Entre le froid de l’hiver et le chaud de l’été, le printemps est inexorable. Il est un temps de renouveau, d’aspirations individuelles, collectives, dont les expressions bourgeonnent au gré d’humeurs vagabondes portées par de soudaines exigences de liberté. Tantôt pour rêvasser et papillonner dans l’air léger d’une reviviscence bienfaisante, tantôt pour s’extraire de chrysalides et s’affranchir de l’étau de servitudes liberticides. Les printemps des peuples (1848), de Prague (1968) ou arabes (2010), furent autant d’efflorescences révolutionnaires décimées par le souffle cruel de la répression. Quant aux printemps sociaux exprimés sur le pavé brûlant des manifestations, ils fleurissent régulièrement dans la sagesse plus ou moins contestée de revendications populaires fertilisées par la surdité des grands seigneurs de l’Etat. Qu’en sera-t-il du présent, alangui sous le couvercle bancal d’une marmite en ébullition sur le feu nourri du mal-être de nos sociétés. Si, pour l’heure, nos paysans ont remisé leurs tracteurs, ils ne demeurent pas moins en vigilance orange pour peu que quelques digues érigées à la hâte ne cèdent sous le poids de l’oubli, de l’approximation de promesses adoucissantes non tenues. Les frictions sont nombreuses mais ne se fédèrent pas dans un projet commun à quelques mois d’un rendez-vous olympique plutôt propice aux négociations bilatérales, sonnantes et trébuchantes. La France et Paris ne peuvent, en effet, s’octroyer le luxe de désordres incontrôlés en mondovision, ce qui laisse augurer d’une flânerie sereine vers un été exposé toutefois à tous les dangers. Les usines à trolls de Vladimir Poutine ont engagé le fer pour déstabiliser notre pays dans la pratique d’une guerre informationnelle d’envergure et de cyberattaques dont l’acmé pourrait fort bien être atteint à l’occasion des JO. Les athlètes de la fédération de Russie ne défileront même pas en Seine, sous la bannière neutre de la dictature installée et confortée par l’élection perfide de l’héritier de Staline.

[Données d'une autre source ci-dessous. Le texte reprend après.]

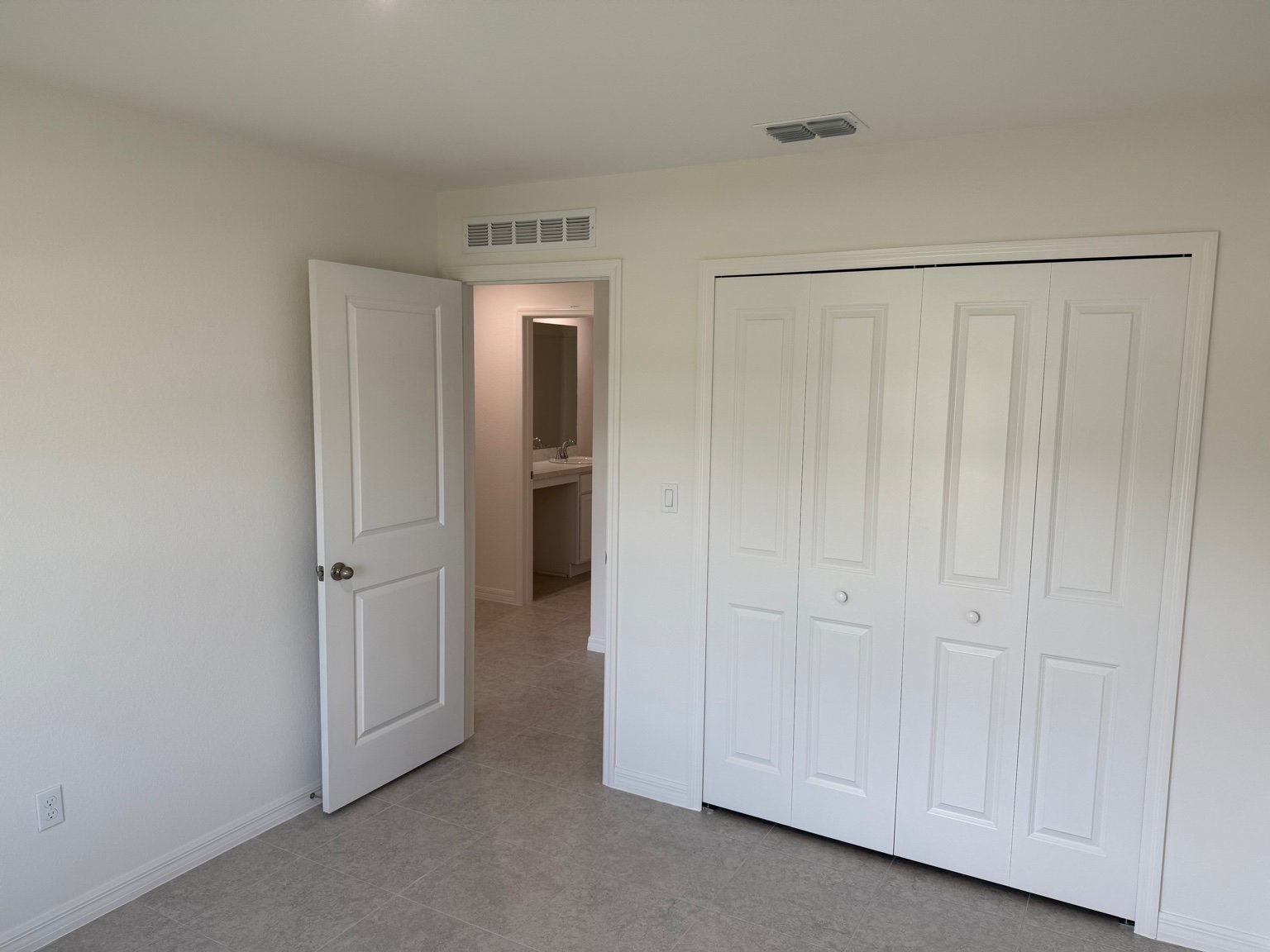 Empty room with white walls, an open door leading to a bathroom, and a closed closet door.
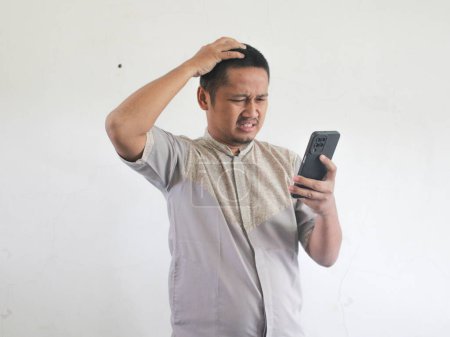 Adult Asian man showing confused expression when looking to his phone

Une cravate, puis l’ambassadeur
En attendant, pour nous tous, c’est le début du printemps, des douceurs exquises, des promenades bucoliques dans la nature trémulante, d’une escapade en moto, voire en quadricycle motorisé, flanqués d’un flambant neuf contrôle technique. Et oui, la sentence est tombée et, faut-il le craindre, nos chers vélos sont à coup sûr dans le collimateur des chasseurs de vignettes pour renflouer les finances publiques. Et elles en ont bien besoin, même dans notre agglomération pénalisée par nos négligences, nos défaillances à bien accomplir l’acte citoyen du tri sélectif. Nos bacs seront désormais sous surveillance et gare à vous si vous compactez vos pots de yaourt pour les insérer dans une boîte de conserve ! L’amalgame est indigeste et non conforme, votre poubelle sera donc parée d’une « cravate », vous signifiant « erreur de tri ». Et, si vous persévérez dans vos errances, un rappel à l’ordre vous sera notifié par un « ambassadeur de tri » chargé de vous instruire dans une rhétorique de bon aloi. Mais, c’est le printemps, « ne fais pas la tête, tu serais bien bête de te faire du mouron, quand sur toute la terre flotte un petit air de révolution » sifflait joyeusement, la môme Piaf.